Conversely, I can be more tolerant about aspects of technology besides usability. I’ve never qualified as an audiophile or videophile and in general will accept a good-enough product that’s cheaper or available now over a more expensive or not-yet-shipped ideal version. In some cases, perfectionism is outright dangerous: If you required an alternative browser to provide perfect compatibility with every big-name site back in 2004, we all still might be using Internet Explorer.

And on that note: I hate abuse of power and control freakery, whether it’s Microsoft choking off browser competition in a prior decade, Apple dictating what gets into its App Store in this one or big entertainment companies’ ongoing insistence on customer-hostile usage restrictions on digital media. The computer is among the most amazing general-purpose tools ever invented; why would you artificially constrain its utility?

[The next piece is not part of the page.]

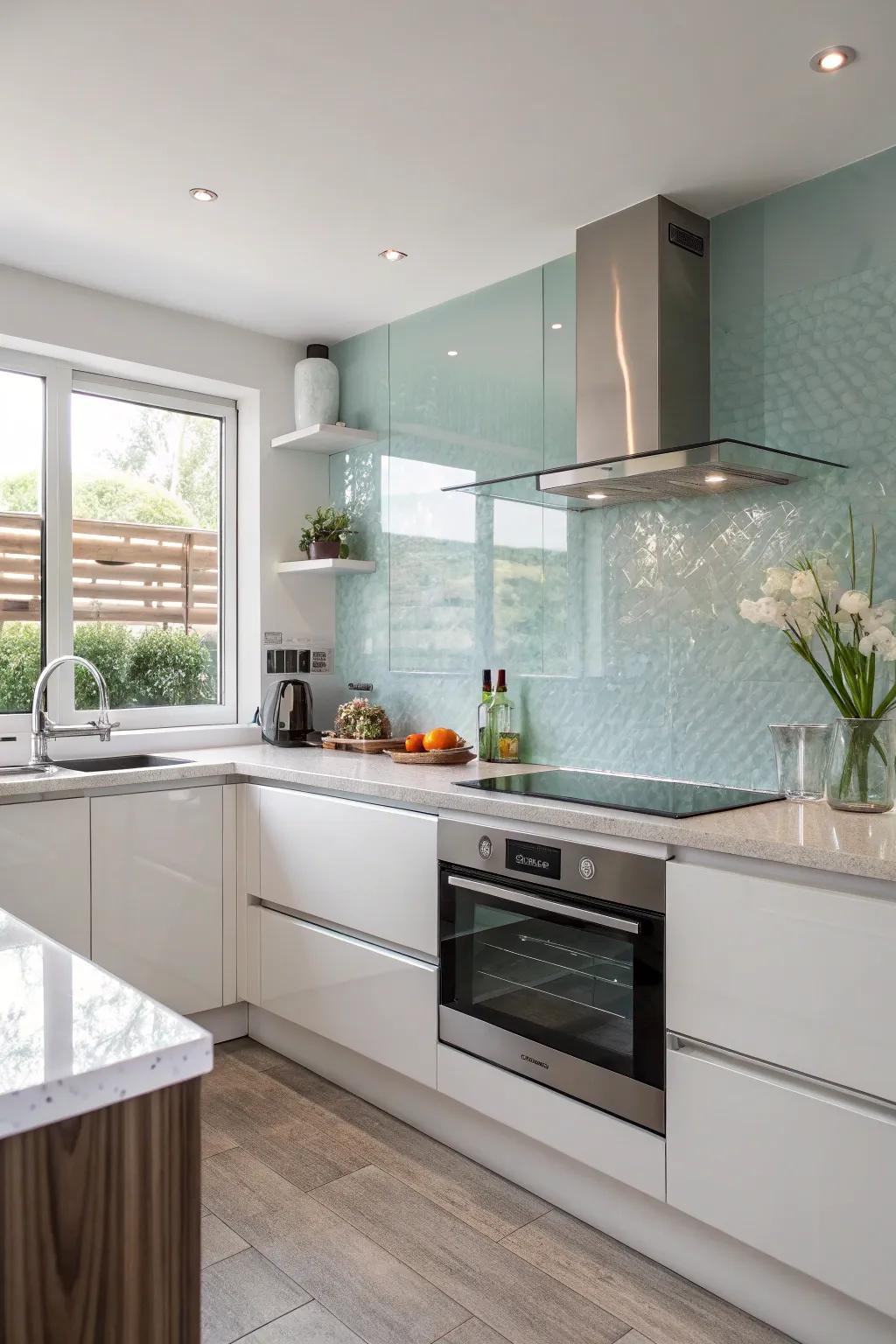 A glass backsplash adds sleek sophistication to this light-filled kitchen.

If you’re curious about my politics, the preceding paragraph should make it clear that I worry about abuse of power by corporations, not just the government. I vote accordingly. My history in recent presidential elections: Gore, Kerry, Obama, Obama, Clinton, Biden, Harris. I don’t regret those choices, although voting for Clinton over George H.W. Bush no longer seems like an obvious call and I do wish I could have written in somebody else for vice president in 2004.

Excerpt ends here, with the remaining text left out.